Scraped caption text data
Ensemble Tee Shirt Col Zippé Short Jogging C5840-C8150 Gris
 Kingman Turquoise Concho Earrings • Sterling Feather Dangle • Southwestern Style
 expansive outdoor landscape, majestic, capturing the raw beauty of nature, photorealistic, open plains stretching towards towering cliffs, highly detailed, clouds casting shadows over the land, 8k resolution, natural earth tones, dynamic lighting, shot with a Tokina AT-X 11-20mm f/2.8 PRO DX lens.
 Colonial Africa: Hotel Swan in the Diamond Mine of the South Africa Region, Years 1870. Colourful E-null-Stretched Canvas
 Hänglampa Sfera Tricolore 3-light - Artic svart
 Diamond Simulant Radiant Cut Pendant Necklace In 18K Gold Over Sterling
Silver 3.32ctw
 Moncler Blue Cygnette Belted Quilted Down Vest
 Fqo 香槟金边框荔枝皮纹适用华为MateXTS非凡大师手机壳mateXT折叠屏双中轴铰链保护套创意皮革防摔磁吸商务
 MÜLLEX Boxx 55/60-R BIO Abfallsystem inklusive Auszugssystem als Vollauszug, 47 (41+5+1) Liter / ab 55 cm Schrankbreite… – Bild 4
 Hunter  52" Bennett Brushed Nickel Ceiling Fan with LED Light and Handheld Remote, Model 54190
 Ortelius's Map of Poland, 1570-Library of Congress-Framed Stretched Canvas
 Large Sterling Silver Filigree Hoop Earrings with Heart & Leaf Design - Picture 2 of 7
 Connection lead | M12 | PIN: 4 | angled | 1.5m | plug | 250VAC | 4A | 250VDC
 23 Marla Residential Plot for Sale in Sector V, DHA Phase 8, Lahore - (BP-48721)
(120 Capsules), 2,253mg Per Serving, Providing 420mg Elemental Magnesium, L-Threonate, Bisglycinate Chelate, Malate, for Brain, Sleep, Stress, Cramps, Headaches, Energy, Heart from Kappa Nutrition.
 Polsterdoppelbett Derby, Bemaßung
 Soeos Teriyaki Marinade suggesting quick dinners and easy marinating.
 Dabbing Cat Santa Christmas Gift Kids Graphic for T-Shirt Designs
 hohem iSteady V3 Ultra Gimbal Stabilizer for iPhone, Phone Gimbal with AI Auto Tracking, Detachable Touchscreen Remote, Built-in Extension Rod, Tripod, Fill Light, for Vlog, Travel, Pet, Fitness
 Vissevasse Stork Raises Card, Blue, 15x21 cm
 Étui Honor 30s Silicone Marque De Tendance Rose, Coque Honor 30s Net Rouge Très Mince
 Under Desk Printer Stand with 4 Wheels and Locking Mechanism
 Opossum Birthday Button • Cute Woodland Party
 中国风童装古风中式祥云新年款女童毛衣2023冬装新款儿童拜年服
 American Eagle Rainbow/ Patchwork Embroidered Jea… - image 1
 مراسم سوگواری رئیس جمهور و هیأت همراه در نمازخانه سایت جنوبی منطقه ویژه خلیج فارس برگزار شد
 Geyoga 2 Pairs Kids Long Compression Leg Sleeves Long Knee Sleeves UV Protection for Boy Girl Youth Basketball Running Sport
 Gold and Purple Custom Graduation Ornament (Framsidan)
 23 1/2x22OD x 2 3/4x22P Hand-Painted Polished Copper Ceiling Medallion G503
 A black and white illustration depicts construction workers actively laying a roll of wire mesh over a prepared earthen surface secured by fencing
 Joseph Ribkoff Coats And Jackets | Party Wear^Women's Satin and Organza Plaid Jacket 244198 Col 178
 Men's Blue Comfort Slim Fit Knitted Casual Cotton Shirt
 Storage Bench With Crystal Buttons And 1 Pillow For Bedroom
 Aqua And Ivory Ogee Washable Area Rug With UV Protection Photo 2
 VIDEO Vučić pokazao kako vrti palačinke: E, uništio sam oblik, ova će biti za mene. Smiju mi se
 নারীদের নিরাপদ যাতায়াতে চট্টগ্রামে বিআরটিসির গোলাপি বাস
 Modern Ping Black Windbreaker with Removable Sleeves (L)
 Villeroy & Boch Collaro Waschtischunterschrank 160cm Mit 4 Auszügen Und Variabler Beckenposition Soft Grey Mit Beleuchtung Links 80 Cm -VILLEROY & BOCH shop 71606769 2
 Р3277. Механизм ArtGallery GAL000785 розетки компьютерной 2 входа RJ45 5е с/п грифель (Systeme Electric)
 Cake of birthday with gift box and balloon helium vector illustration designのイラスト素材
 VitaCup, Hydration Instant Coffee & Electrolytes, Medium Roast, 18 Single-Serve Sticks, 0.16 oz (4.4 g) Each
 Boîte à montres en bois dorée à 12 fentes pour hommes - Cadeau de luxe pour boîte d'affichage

### Exercise aim
What is wanted is every line from the first line of the entries through the line that contains "Kingman Turquoise Concho", given again exactly.

### Answer section
Ensemble Tee Shirt Col Zippé Short Jogging C5840-C8150 Gris
 Kingman Turquoise Concho Earrings • Sterling Feather Dangle • Southwestern Style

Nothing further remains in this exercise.